Warning: some journal files were not opened due to insufficient permissions.

(I have no idea why the RuntimeMaxSec= isn’t doing what we want it to do:)

lucaswerkmeister-wmde@stat1011:~$ systemctl cat wmde-analytics-minutely.service
# /lib/systemd/system/wmde-analytics-minutely.service
[Unit]
Description=Minutely jobs for wmde analytics infrastructure
Documentation=https://wikitech.wikimedia.org/wiki/Monitoring/systemd_unit_state

[Service]
Type=oneshot
User=analytics-wmde
ExecStart=/srv/analytics-wmde/graphite/src/scripts/cron/minutely.sh /srv/analytics-wmde/graphite/src/scripts
RuntimeMaxSec=55

A bit earlier, I was also unable to connect to the stats databases – I think the script might be stuck on the same issue:

lucaswerkmeister-wmde@stat1011:~$ analytics-mysql wikidatawiki
ERROR 2002 (HY000): Can't connect to MySQL server on 'dbstore1009.eqiad.wmnet' (115)

(SAL indicates dbstore1009 was under maintenance from T365997 at the time.) In the meantime, I can now connect to dbstore1009 again, but the script hasn’t recovered by itself:

lucaswerkmeister-wmde@stat1011:~$ analytics-mysql wikidatawiki
Reading table information for completion of table and column names
You can turn off this feature to get a quicker startup with -A

Welcome to the MariaDB monitor.  Commands end with ; or \g.
Your MariaDB connection id is 24668304
Server version: 10.6.16-MariaDB MariaDB Server

Copyright (c) 2000, 2018, Oracle, MariaDB Corporation Ab and others.

Type 'help;' or '\h' for help. Type '\c' to clear the current input statement.

mysql:research@dbstore1009.eqiad.wmnet [wikidatawiki]> ^DBye

Details

Event Timeline

(I have no idea why the RuntimeMaxSec= isn’t doing what we want it to do:)

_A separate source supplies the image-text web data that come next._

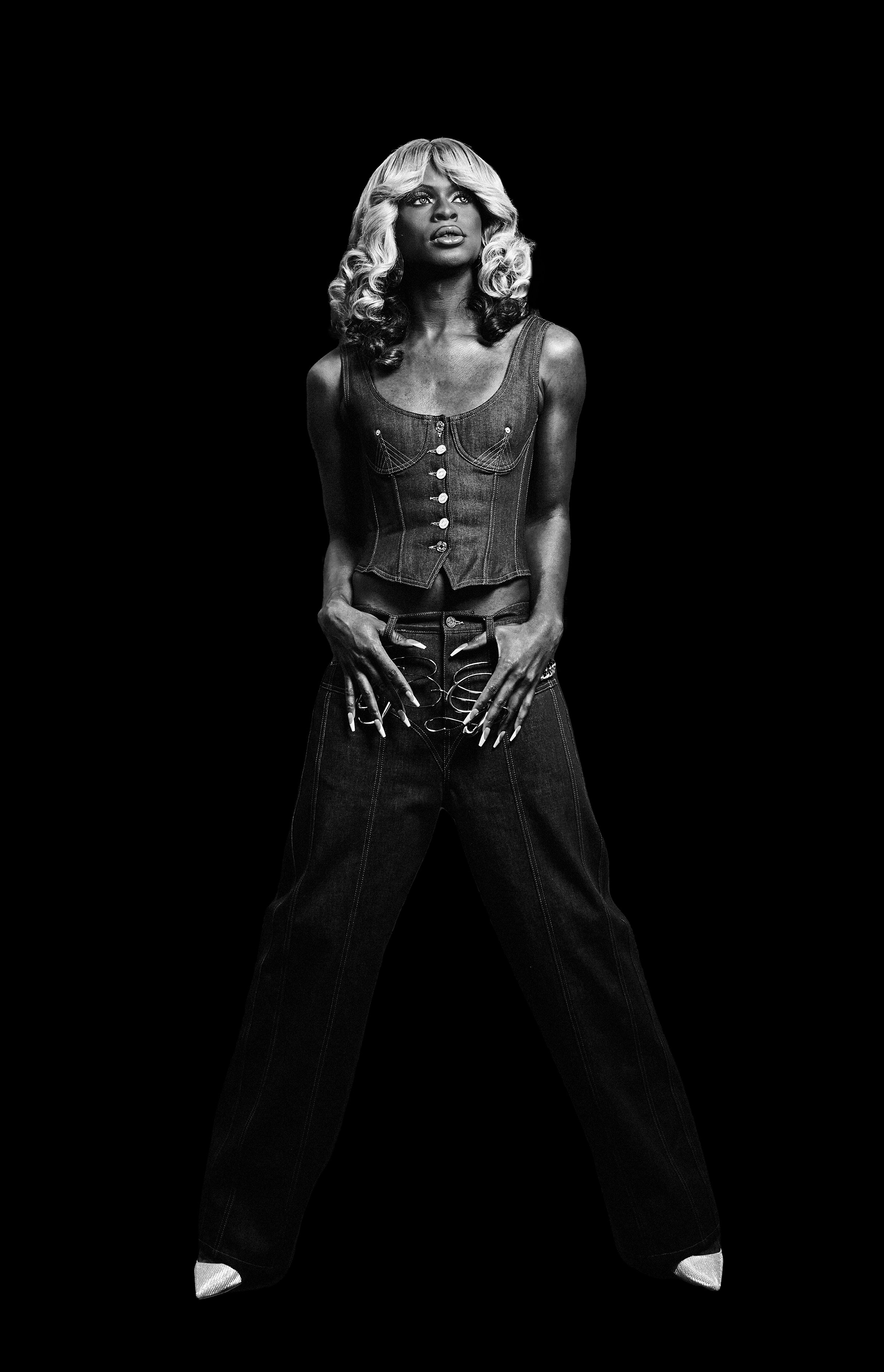 DD Symone x Jean Paul Gaultier For V Magazine, No. 5, 2023.jpg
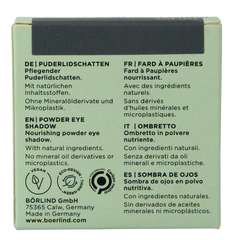 Borlind Eyeshadow powder grey blue 1.00 Stuks
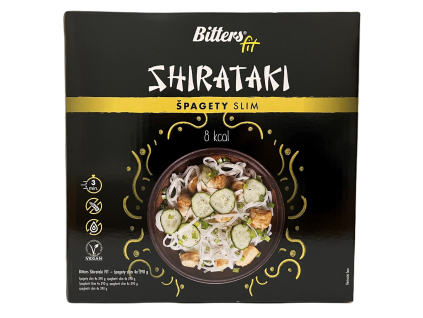 Shirataki Spaghetti schlank 4 x 390 g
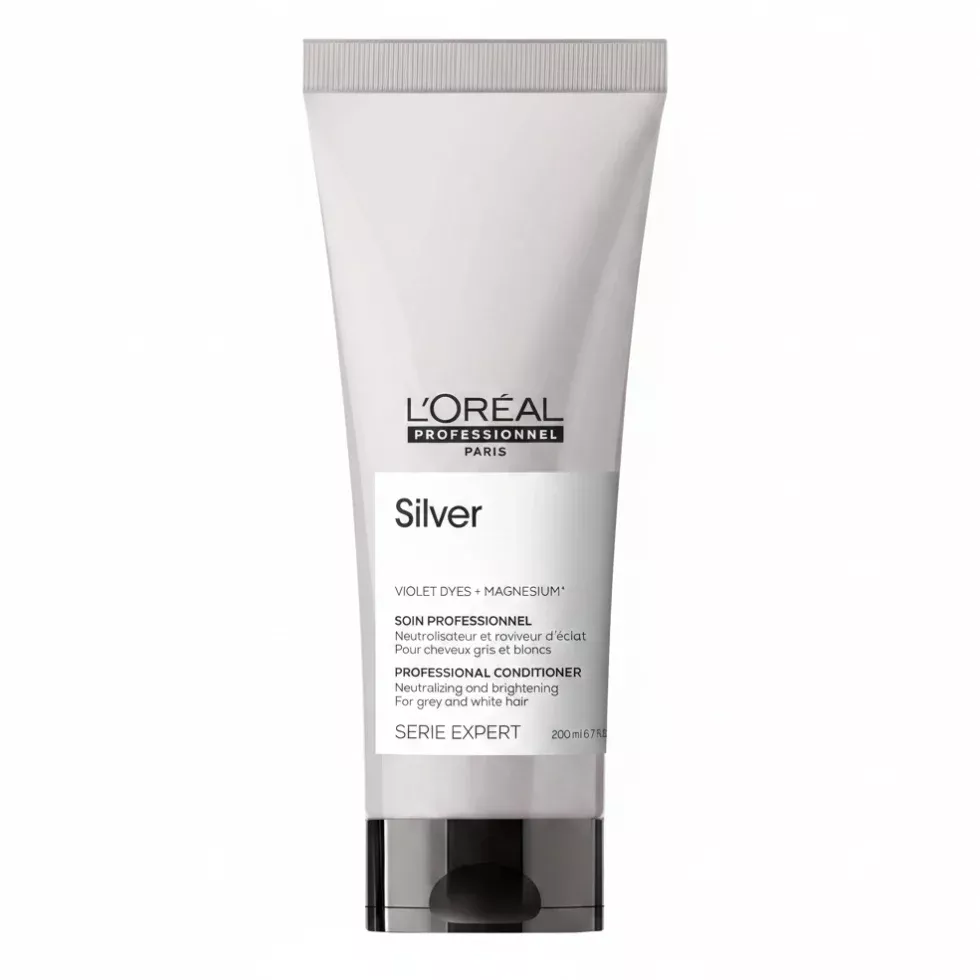 L’Oréal Professionnel Serie Expert Silver Conditioner 200ml | Blonde & Grey Care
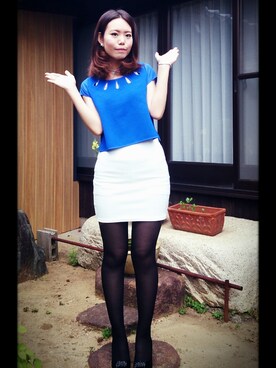 RINAさん（レディース・168cm）の春コーディネート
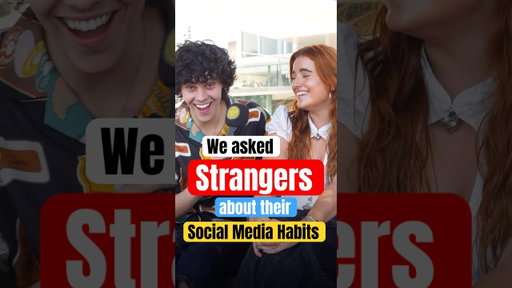 We asked Strangers about their Social Media habits.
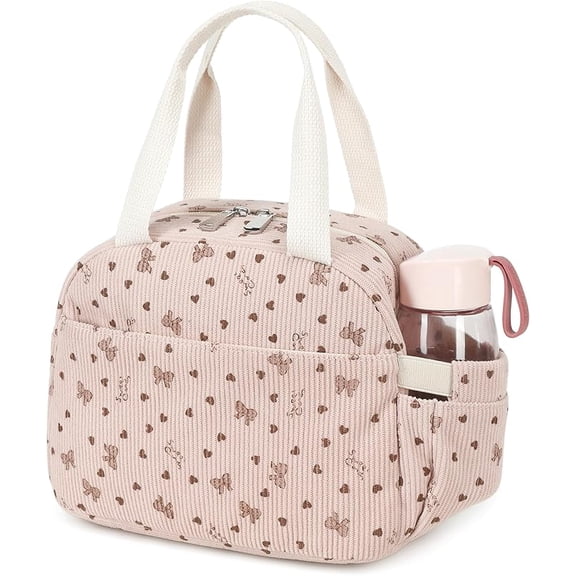 Reusable insulated lunch bag, large-capacity cooler tote, suitable for work, picnics, travel, office, camping, unisex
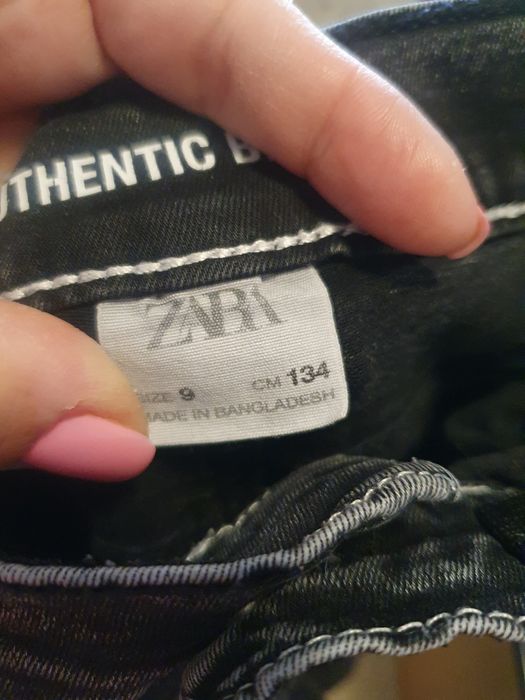 Blugi Zara baieti
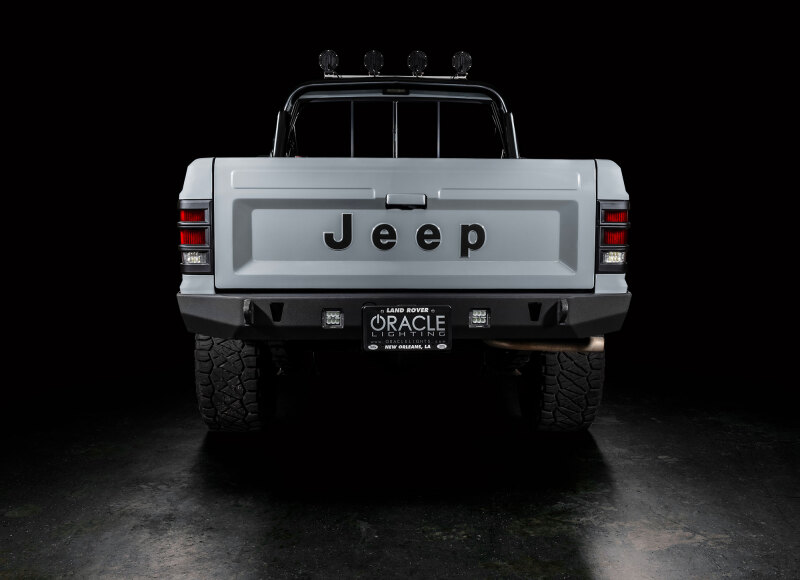 ORACLE Lighting Jeep Comanche MJ LED Tail Lights - Standard Red Lens thumbnail 4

Ah, that would be why (source):

Note that this setting does not have any effect on Type=oneshot services, as they terminate immediately after activation completed.

In the meantime, it looks like the script finally died:

lucaswerkmeister-wmde@stat1011:~$ systemctl status wmde-analytics-minutely.service 
● wmde-analytics-minutely.service - Minutely jobs for wmde analytics infrastructure
     Loaded: loaded (/lib/systemd/system/wmde-analytics-minutely.service; static)
     Active: inactive (dead) since Tue 2024-07-16 15:35:08 UTC; 39s ago
TriggeredBy: ● wmde-analytics-minutely.timer
       Docs: https://wikitech.wikimedia.org/wiki/Monitoring/systemd_unit_state
    Process: 1628106 ExecStart=/srv/analytics-wmde/graphite/src/scripts/cron/minutely.sh /srv/analytics-wmde/graphite/src/scripts (code=exited, status=0/SUCCESS)
   Main PID: 1628106 (code=exited, status=0/SUCCESS)
        CPU: 444ms

Let’s hope the next timer trigger restarts it and the stats resume.

Looking better now:

image.png (296×940 px, 26 KB)

So let’s rewrite this into a “fix the RuntimeMaxSec=” task.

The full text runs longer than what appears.